WHAT YOU HAVE TO DO: Transcribe every entry exactly, leaving out any pictures.

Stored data
-------------------------

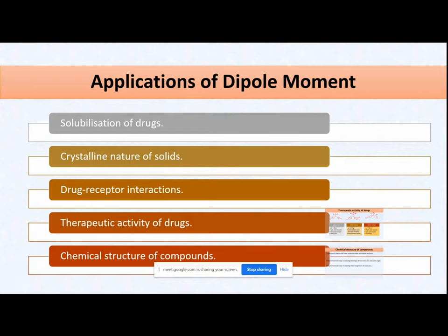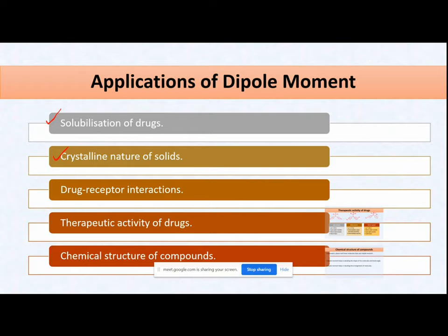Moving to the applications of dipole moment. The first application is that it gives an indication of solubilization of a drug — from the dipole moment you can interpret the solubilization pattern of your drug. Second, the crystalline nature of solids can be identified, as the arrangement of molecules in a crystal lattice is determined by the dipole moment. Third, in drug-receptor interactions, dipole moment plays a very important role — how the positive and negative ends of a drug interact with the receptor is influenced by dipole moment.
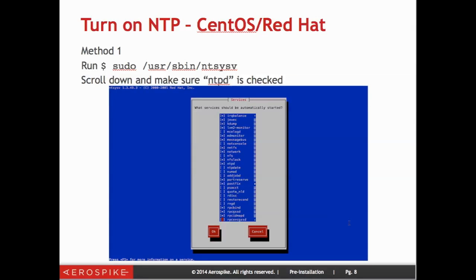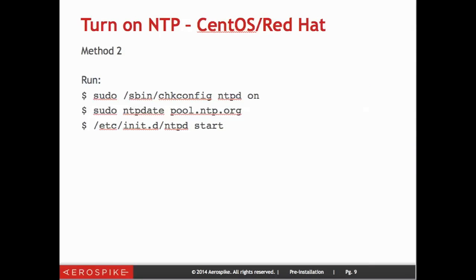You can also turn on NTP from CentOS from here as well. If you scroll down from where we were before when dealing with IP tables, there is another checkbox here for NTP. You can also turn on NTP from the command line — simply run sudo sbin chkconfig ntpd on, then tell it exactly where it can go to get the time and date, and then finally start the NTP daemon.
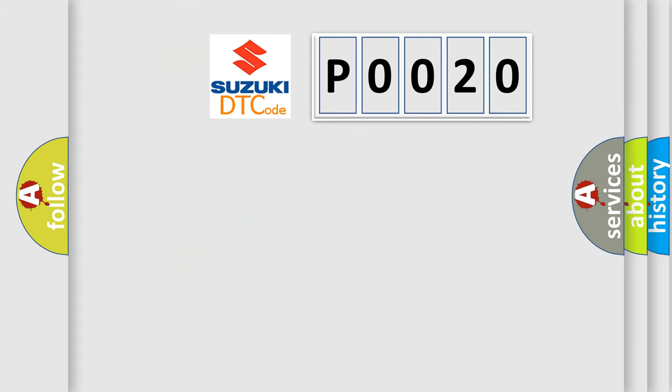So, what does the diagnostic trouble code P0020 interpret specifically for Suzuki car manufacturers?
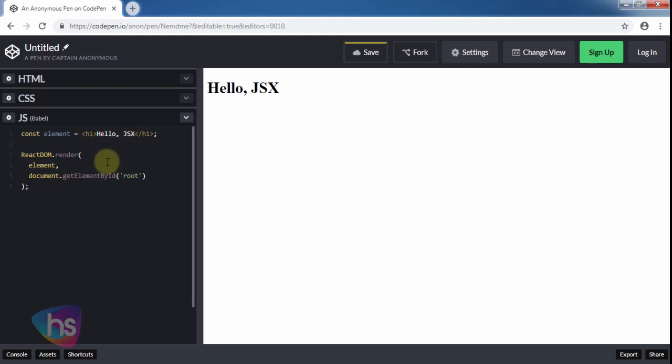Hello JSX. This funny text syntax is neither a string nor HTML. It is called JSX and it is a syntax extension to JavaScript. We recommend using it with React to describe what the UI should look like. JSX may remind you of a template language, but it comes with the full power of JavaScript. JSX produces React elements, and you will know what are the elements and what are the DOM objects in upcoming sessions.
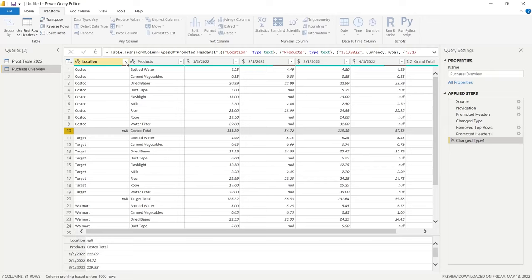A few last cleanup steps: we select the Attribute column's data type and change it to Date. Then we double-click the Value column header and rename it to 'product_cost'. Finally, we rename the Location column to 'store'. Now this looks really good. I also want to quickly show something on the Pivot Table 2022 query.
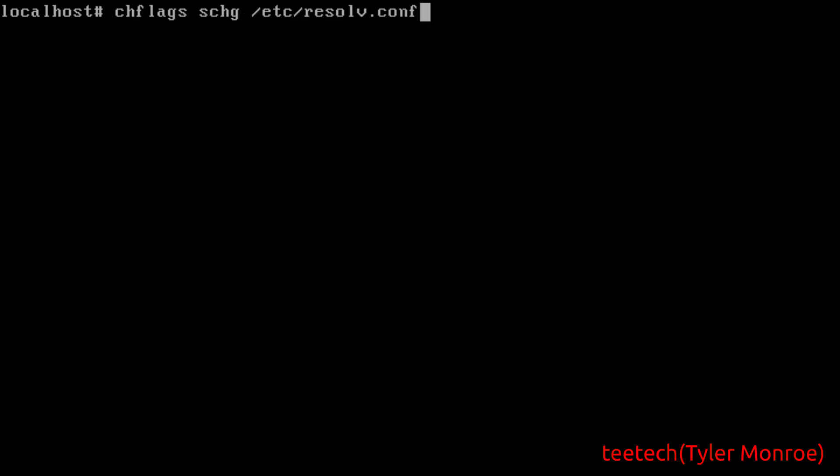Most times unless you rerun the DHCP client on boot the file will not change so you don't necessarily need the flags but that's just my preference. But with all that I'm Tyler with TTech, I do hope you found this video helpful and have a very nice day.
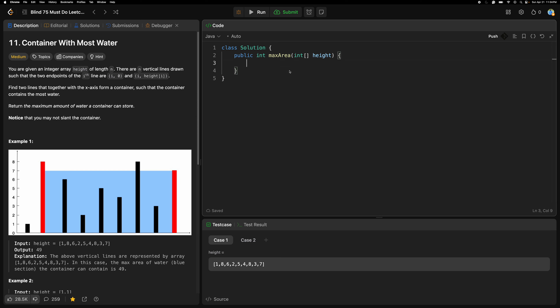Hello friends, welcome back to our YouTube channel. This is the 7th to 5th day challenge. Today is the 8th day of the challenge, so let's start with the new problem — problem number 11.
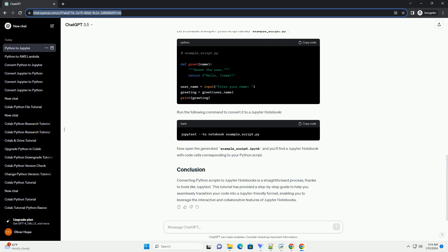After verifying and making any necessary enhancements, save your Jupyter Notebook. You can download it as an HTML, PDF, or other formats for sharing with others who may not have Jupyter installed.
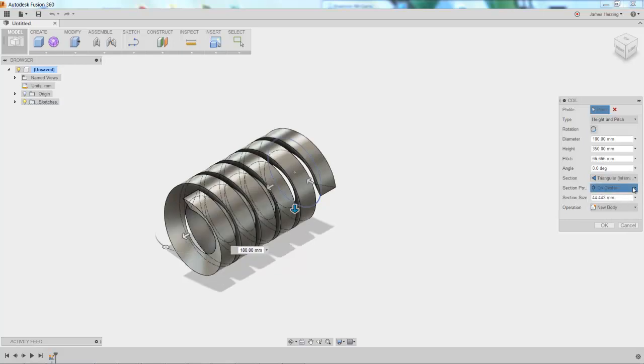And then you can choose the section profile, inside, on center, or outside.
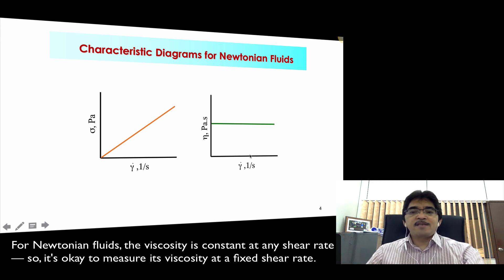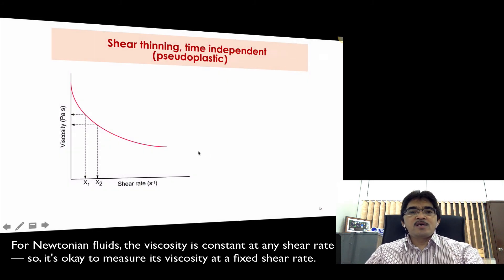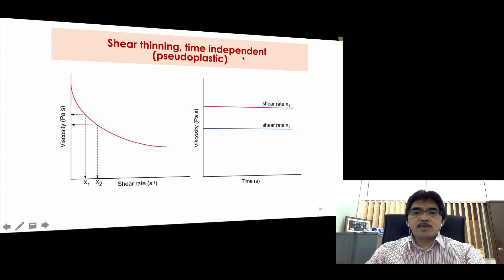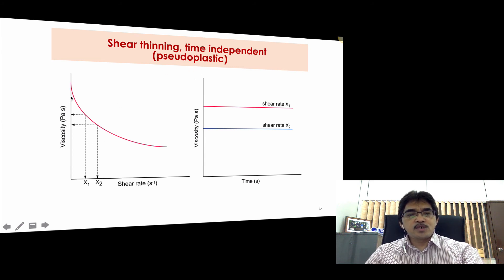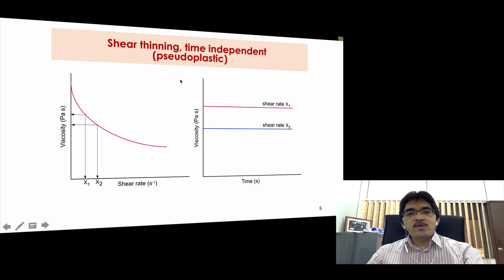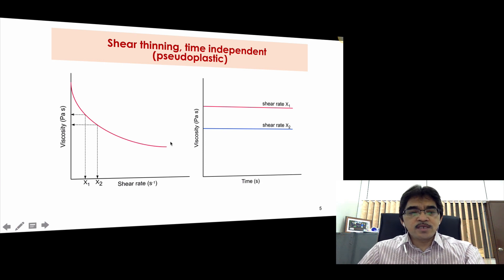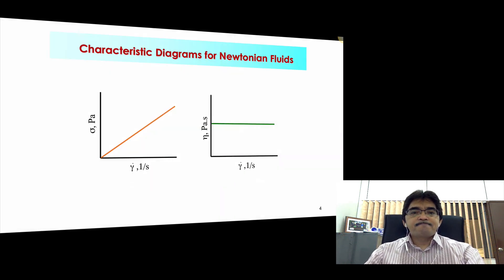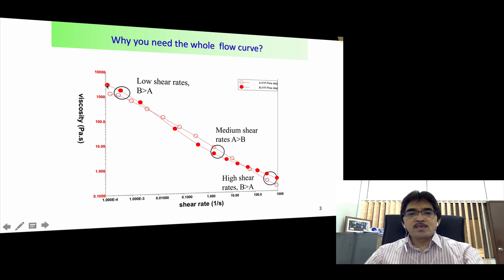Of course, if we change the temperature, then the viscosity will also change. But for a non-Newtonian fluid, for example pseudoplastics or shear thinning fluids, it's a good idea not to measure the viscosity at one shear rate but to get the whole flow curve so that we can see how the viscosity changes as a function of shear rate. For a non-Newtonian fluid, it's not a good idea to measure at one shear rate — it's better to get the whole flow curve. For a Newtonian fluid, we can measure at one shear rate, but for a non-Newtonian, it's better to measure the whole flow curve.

-------------------------

RESPONSE:
Moving to the applications of dipole moment. The first application is that it gives an indication of solubilization of a drug — from the dipole moment you can interpret the solubilization pattern of your drug. Second, the crystalline nature of solids can be identified, as the arrangement of molecules in a crystal lattice is determined by the dipole moment. Third, in drug-receptor interactions, dipole moment plays a very important role — how the positive and negative ends of a drug interact with the receptor is influenced by dipole moment.
You can also turn on NTP from CentOS from here as well. If you scroll down from where we were before when dealing with IP tables, there is another checkbox here for NTP. You can also turn on NTP from the command line — simply run sudo sbin chkconfig ntpd on, then tell it exactly where it can go to get the time and date, and then finally start the NTP daemon.
So, what does the diagnostic trouble code P0020 interpret specifically for Suzuki car manufacturers?
Hello JSX. This funny text syntax is neither a string nor HTML. It is called JSX and it is a syntax extension to JavaScript. We recommend using it with React to describe what the UI should look like. JSX may remind you of a template language, but it comes with the full power of JavaScript. JSX produces React elements, and you will know what are the elements and what are the DOM objects in upcoming sessions.
A few last cleanup steps: we select the Attribute column's data type and change it to Date. Then we double-click the Value column header and rename it to 'product_cost'. Finally, we rename the Location column to 'store'. Now this looks really good. I also want to quickly show something on the Pivot Table 2022 query.
Most times unless you rerun the DHCP client on boot the file will not change so you don't necessarily need the flags but that's just my preference. But with all that I'm Tyler with TTech, I do hope you found this video helpful and have a very nice day.
Hello friends, welcome back to our YouTube channel. This is the 7th to 5th day challenge. Today is the 8th day of the challenge, so let's start with the new problem — problem number 11.
After verifying and making any necessary enhancements, save your Jupyter Notebook. You can download it as an HTML, PDF, or other formats for sharing with others who may not have Jupyter installed.
And then you can choose the section profile, inside, on center, or outside.
Of course, if we change the temperature, then the viscosity will also change. But for a non-Newtonian fluid, for example pseudoplastics or shear thinning fluids, it's a good idea not to measure the viscosity at one shear rate but to get the whole flow curve so that we can see how the viscosity changes as a function of shear rate. For a non-Newtonian fluid, it's not a good idea to measure at one shear rate — it's better to get the whole flow curve. For a Newtonian fluid, we can measure at one shear rate, but for a non-Newtonian, it's better to measure the whole flow curve.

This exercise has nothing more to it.